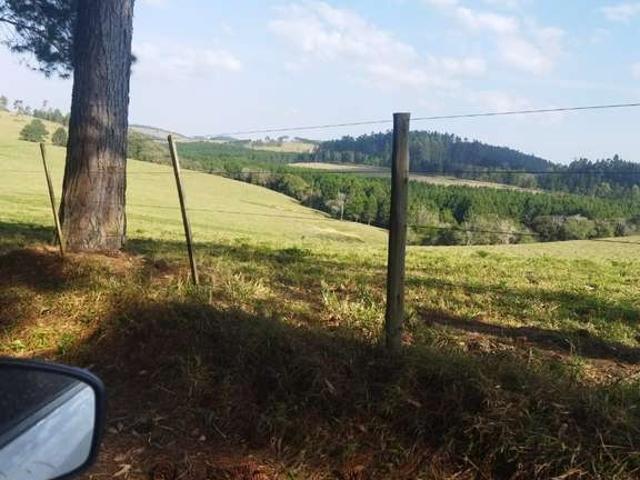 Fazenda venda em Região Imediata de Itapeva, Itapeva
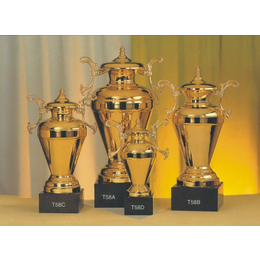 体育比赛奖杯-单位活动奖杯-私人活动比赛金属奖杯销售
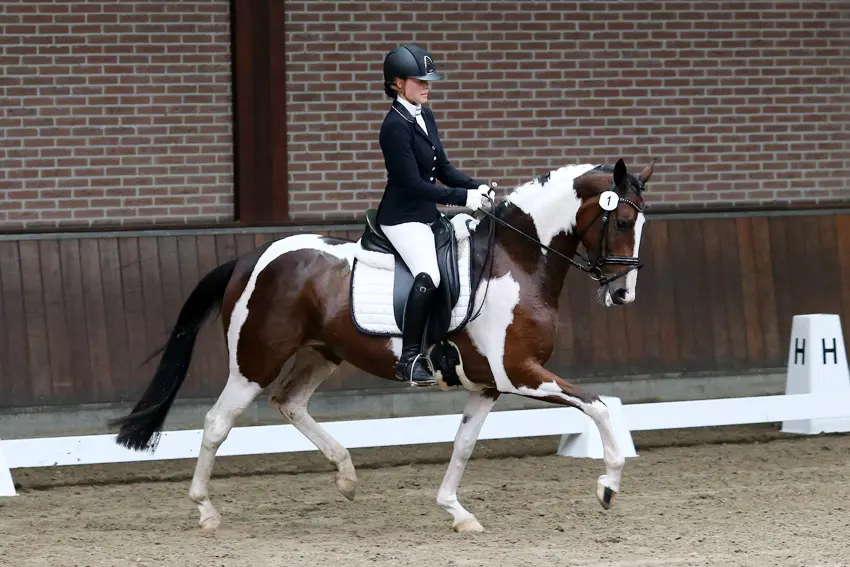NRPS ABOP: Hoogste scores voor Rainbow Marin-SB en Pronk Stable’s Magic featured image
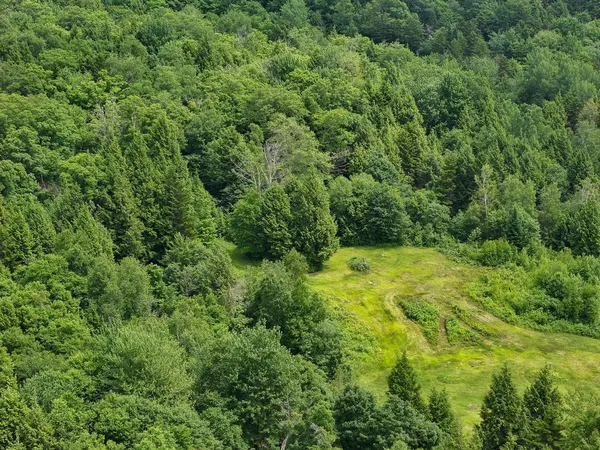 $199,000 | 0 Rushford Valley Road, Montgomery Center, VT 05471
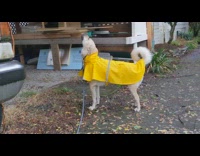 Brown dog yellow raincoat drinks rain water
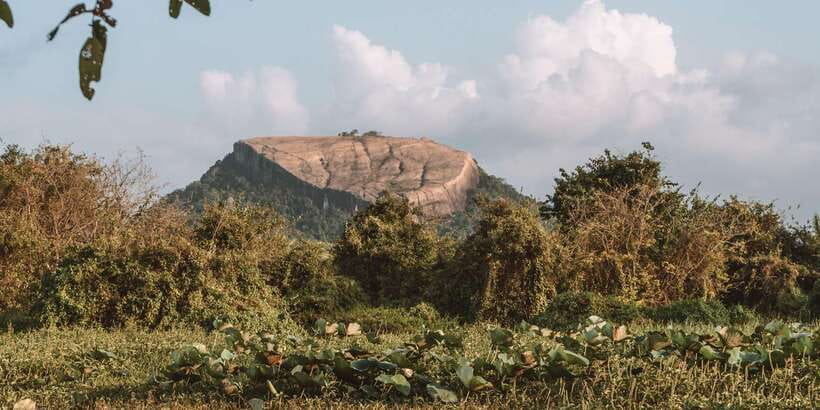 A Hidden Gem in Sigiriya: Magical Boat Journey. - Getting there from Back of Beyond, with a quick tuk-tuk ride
• • • • • • •
YOUR INSTRUCTIONS: Your copy of the records must be exact and must contain no pictures.

RESULT OF THIS TASK:
 Fazenda venda em Região Imediata de Itapeva, Itapeva
 体育比赛奖杯-单位活动奖杯-私人活动比赛金属奖杯销售
NRPS ABOP: Hoogste scores voor Rainbow Marin-SB en Pronk Stable’s Magic featured image
 $199,000 | 0 Rushford Valley Road, Montgomery Center, VT 05471
 Brown dog yellow raincoat drinks rain water
 A Hidden Gem in Sigiriya: Magical Boat Journey. - Getting there from Back of Beyond, with a quick tuk-tuk ride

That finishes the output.